◆ **Data segment**

***

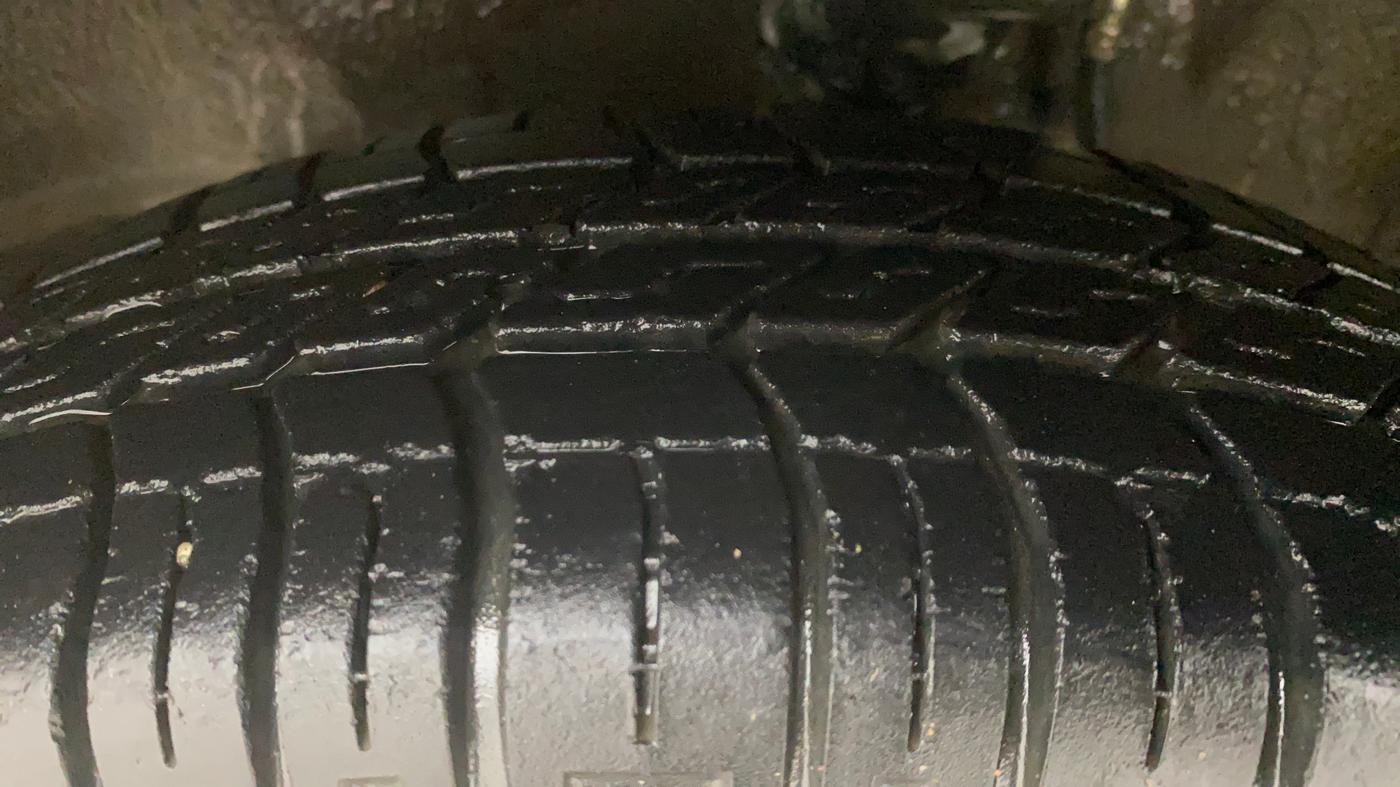 2016 Maruti Alto 800 LXI, Petrol, Manual, 19,176 km, Left Front Tyre Tread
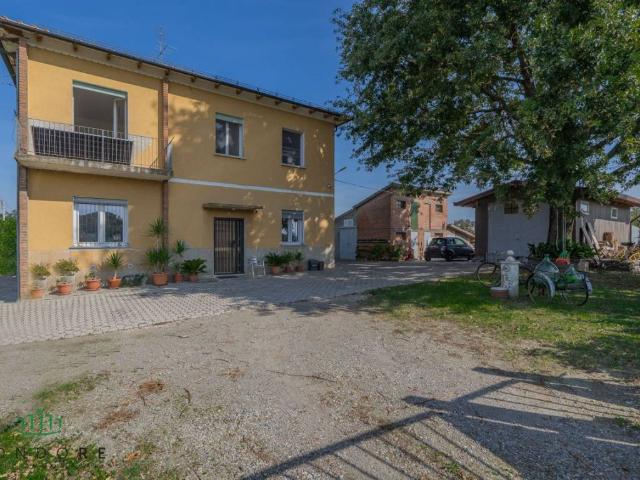 Villa Indipendente in vendita a Unione Terre di Pianura, Bologna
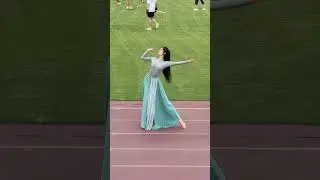 欢快的节奏让人心情愉悦#玛尼情歌#舞蹈#操场上从不缺舞者#让全世界看到中国美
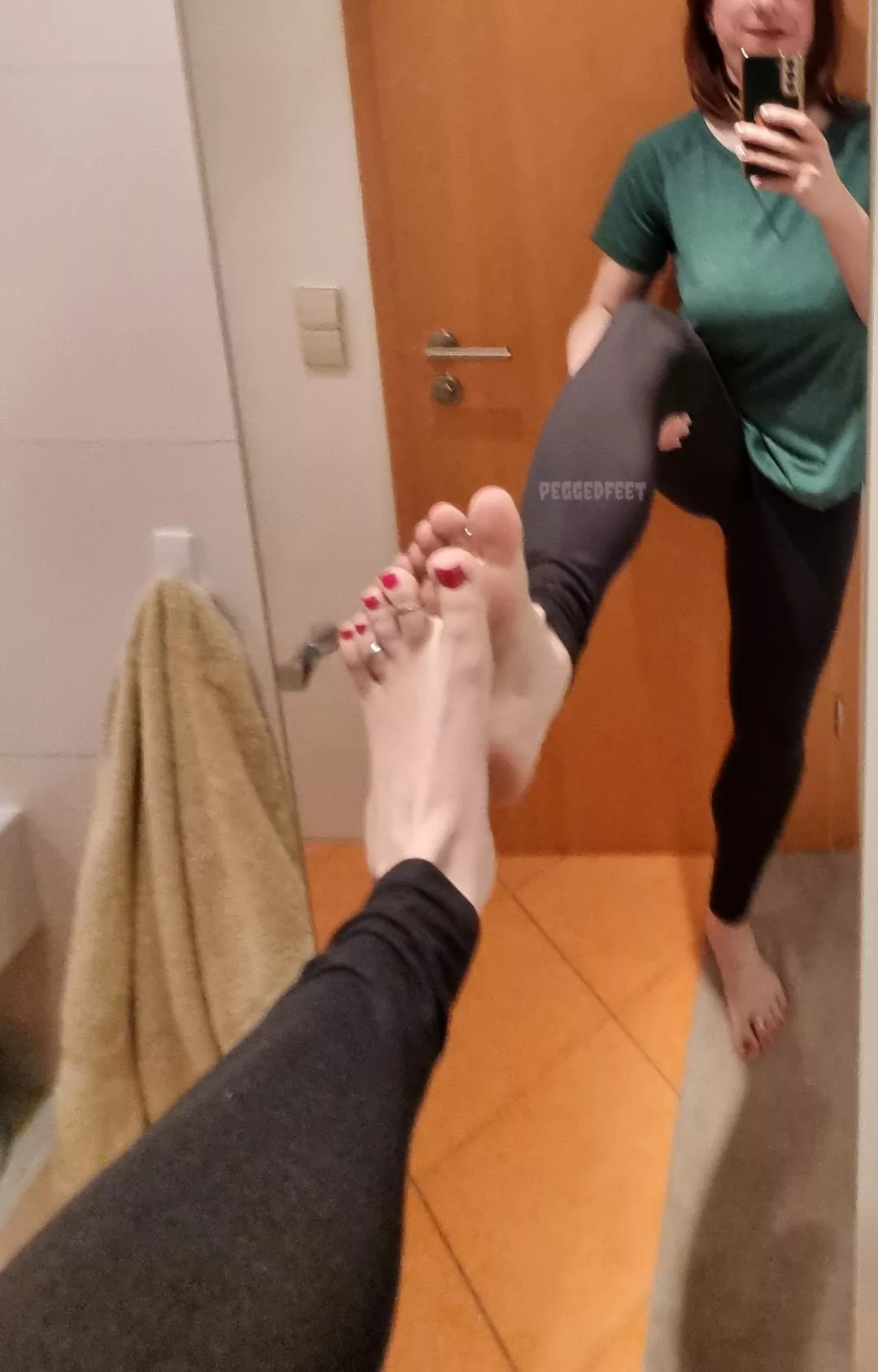 The person in the mirror is mocking me by not licking the feet 🥲 posted by peggedfeet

***

◆ **Exercise brief**
Your response must reproduce the listing above word for word and must contain none of its pictures.

◆ **Output for this exercise**
 2016 Maruti Alto 800 LXI, Petrol, Manual, 19,176 km, Left Front Tyre Tread
 Villa Indipendente in vendita a Unione Terre di Pianura, Bologna
 欢快的节奏让人心情愉悦#玛尼情歌#舞蹈#操场上从不缺舞者#让全世界看到中国美
 The person in the mirror is mocking me by not licking the feet 🥲 posted by peggedfeet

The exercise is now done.